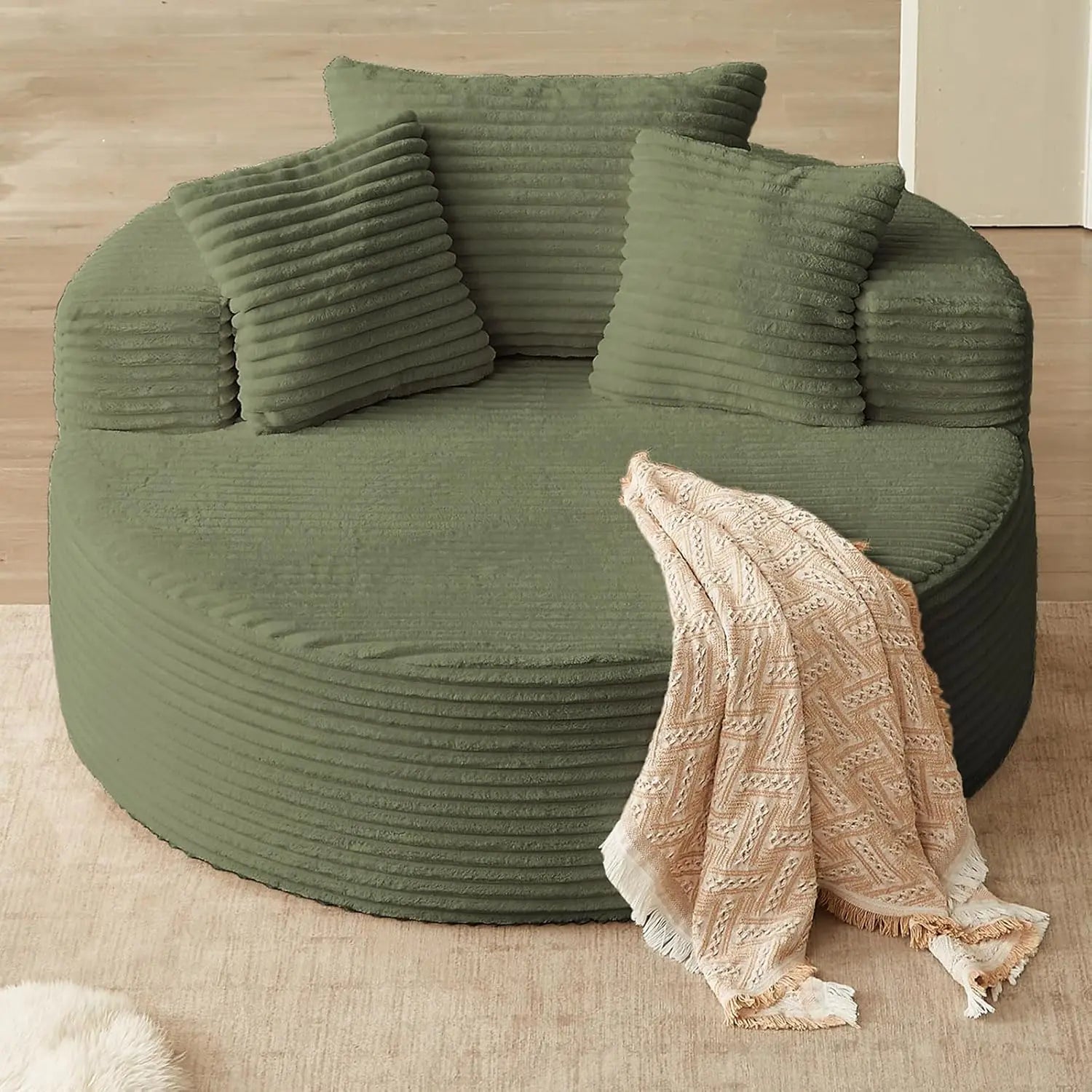Oversized Round Chair Lounge Chaise, Upholstered Corduroy Deep Seat Cloud Large Circle Sofa Chair.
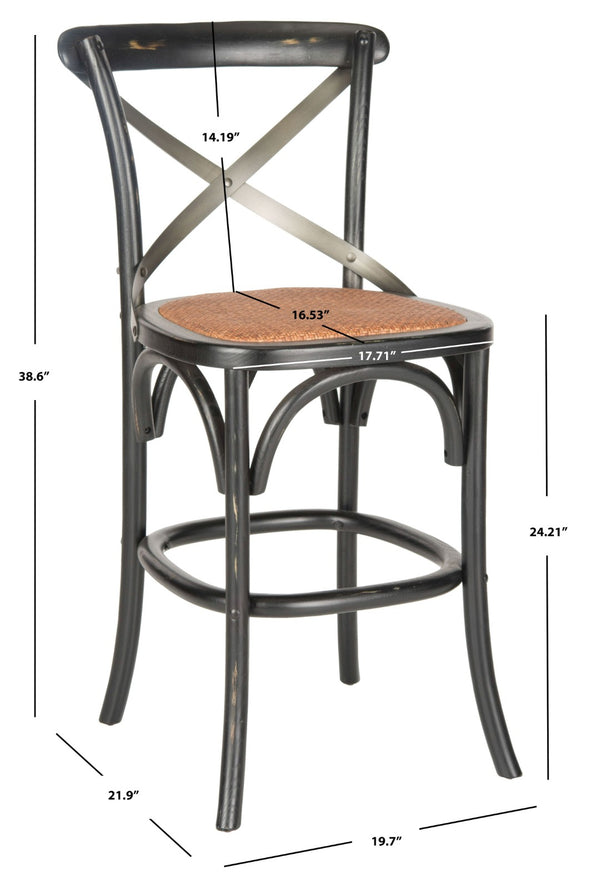 Safavieh Eleanr Elegant X-Back Counter Stool For Timeless Café Charm In Kitchen Or Dining Spaces, Durable Design Black AMH9505B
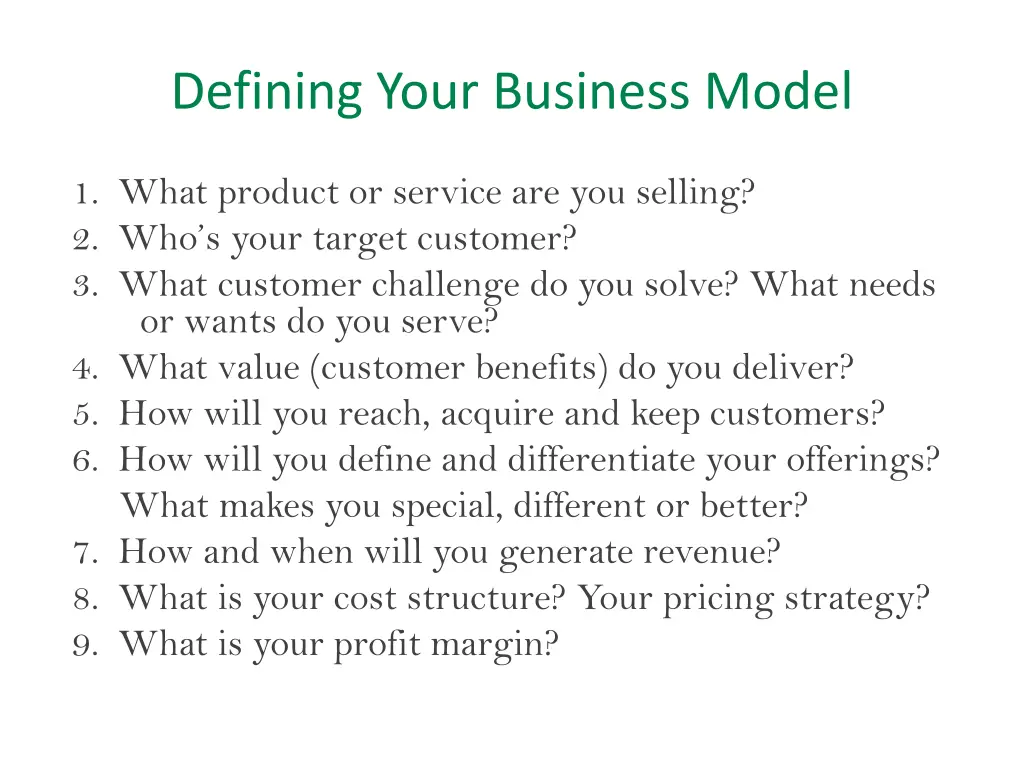 defining your business model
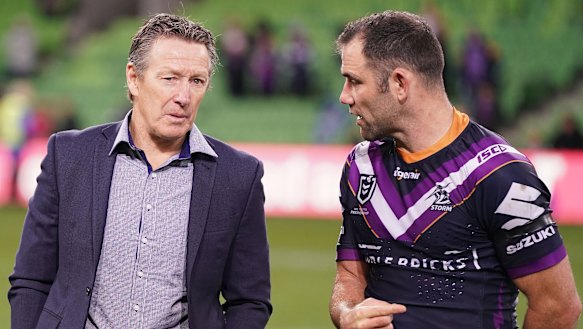 Craig Bellamy (left) has suggested skipper Cameron Smith is weighing up retirement.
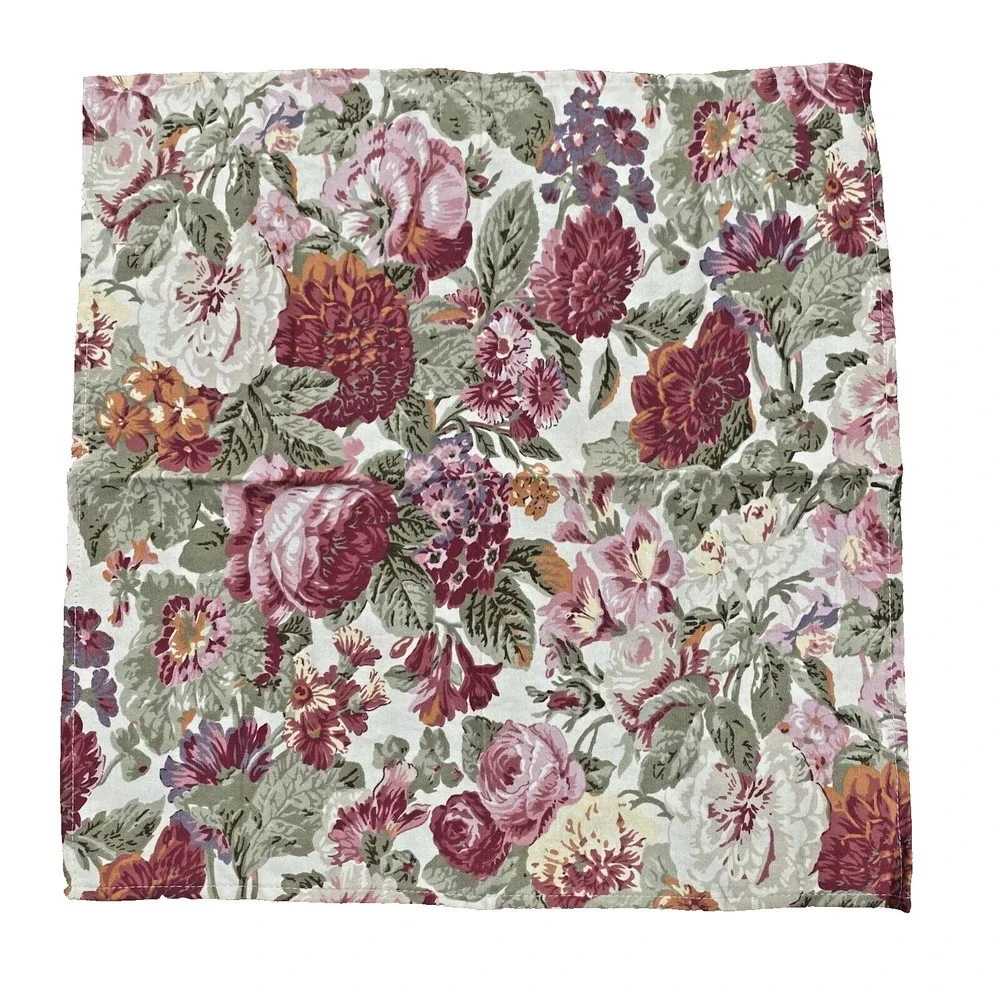 Chaps Brand Cloth Napkins Set of 4 Bold Floral Print in Yellow Pink Red Flowers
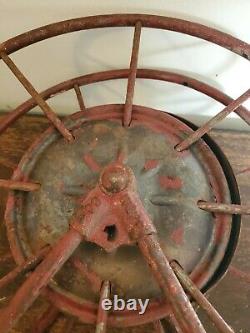 Early Antique Wirth & Knox Co. Fire Hose Reel Red Large Make Offer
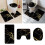 Ensemble de tapis de salle de bain 3 pièces noir et or 1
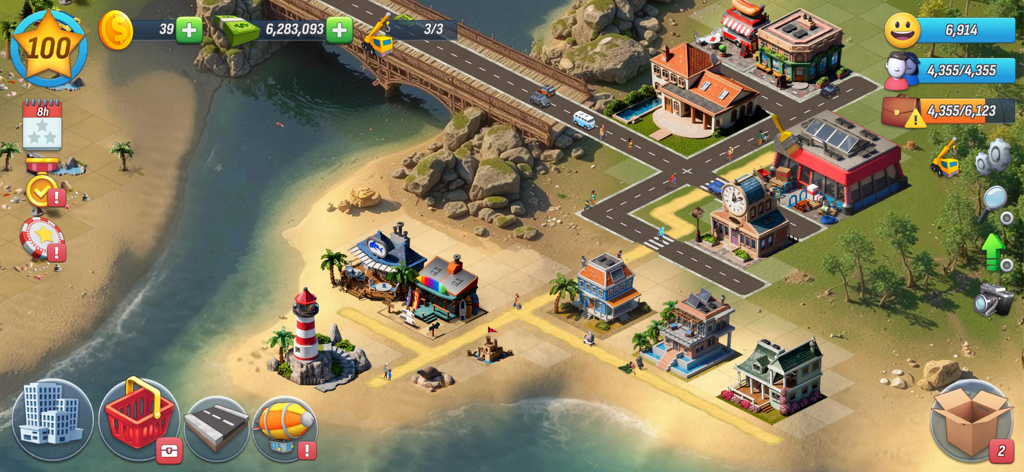 City Island: Deluxe Go Build - A top down view of a thriving island town with a lighthouse and residential buildings on a beach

◇ ◇ ◇

• _THE PROBLEM_: Copy only the part of the records that runs from the first line to the line with "Craig Bellamy (left)", ends included, leaving pictures out.

• _OUTPUT FOR THIS TASK_:
Oversized Round Chair Lounge Chaise, Upholstered Corduroy Deep Seat Cloud Large Circle Sofa Chair.
 Safavieh Eleanr Elegant X-Back Counter Stool For Timeless Café Charm In Kitchen Or Dining Spaces, Durable Design Black AMH9505B
 defining your business model
 Craig Bellamy (left) has suggested skipper Cameron Smith is weighing up retirement.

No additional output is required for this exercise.